Quelle portée pour les contrats sur la preuve ?

S’il est possible d’organiser contractuellement les modalités de preuve, quelle est la portée exacte de ces stipulations

Les principes applicables en matière de preuve des obligations sont fixés par le Code civil. Celui-ci, dans sa rédaction actuelle issue de la réforme du droit des obligations de 2016, pose le principe que sauf disposition expresse contraire, la preuve peut être apportée par tous moyens. Différents modes de preuve sont reconnus par le code civil : 

  • La preuve par écrit, en distinguant notamment l’acte authentique de l’acte sous seing privé ;
  • La preuve par témoins ; 
  • La preuve par présomption judiciaire ; 
  • La preuve par l’aveu ; 
  • La preuve par le serment. 

La question peut se poser de savoir si les parties à un contrat peuvent contractualiser les modalités de preuve admise entre elles.
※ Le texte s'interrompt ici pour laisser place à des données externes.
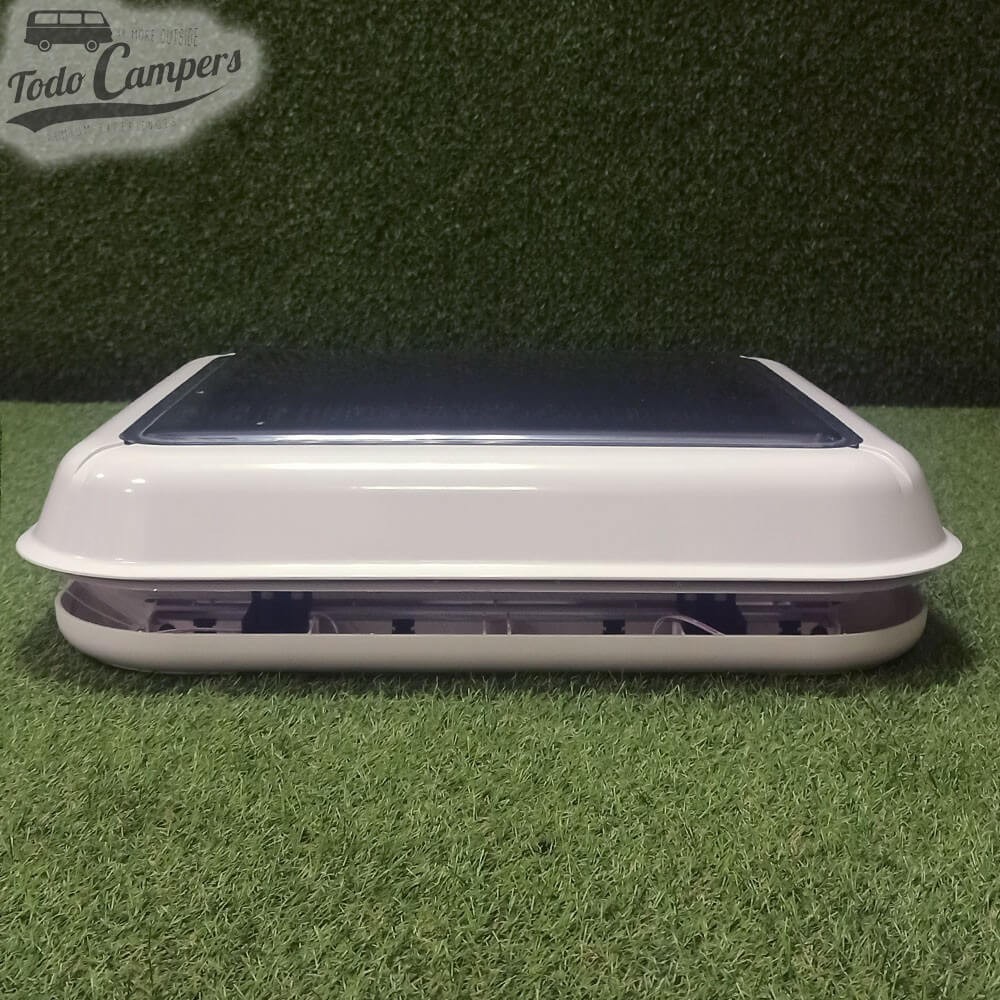 Claraboia Carbest fechada com LED com cúpula branca e cristal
Une jurisprudence ancienne avait admis cette possibilité, qui avait par ailleurs été introduite dans le code civil par la loi n°2000-230 du 13 mars 2000. Cette loi avait en effet ajouté un article 1316-2 au Code civil qui stipulait : « Lorsque la loi n’a pas fixé d’autres principes, et à défaut de convention valable entre les parties, le juge règle les conflits de preuve littérale en déterminant par tous moyens le titre le plus vraisemblable, quel qu’en soit le support. » 

En pratique ce type de convention sur la preuve est relativement fréquent. C’est ainsi par exemple le cas dans un contrat relatif à un logiciel informatique comportant une clause selon laquelle la procédure de recette incombe au licencié du logiciel et qu’à défaut d’observations adressées dans un certain délai, le logiciel doit être présumé comme recetté. 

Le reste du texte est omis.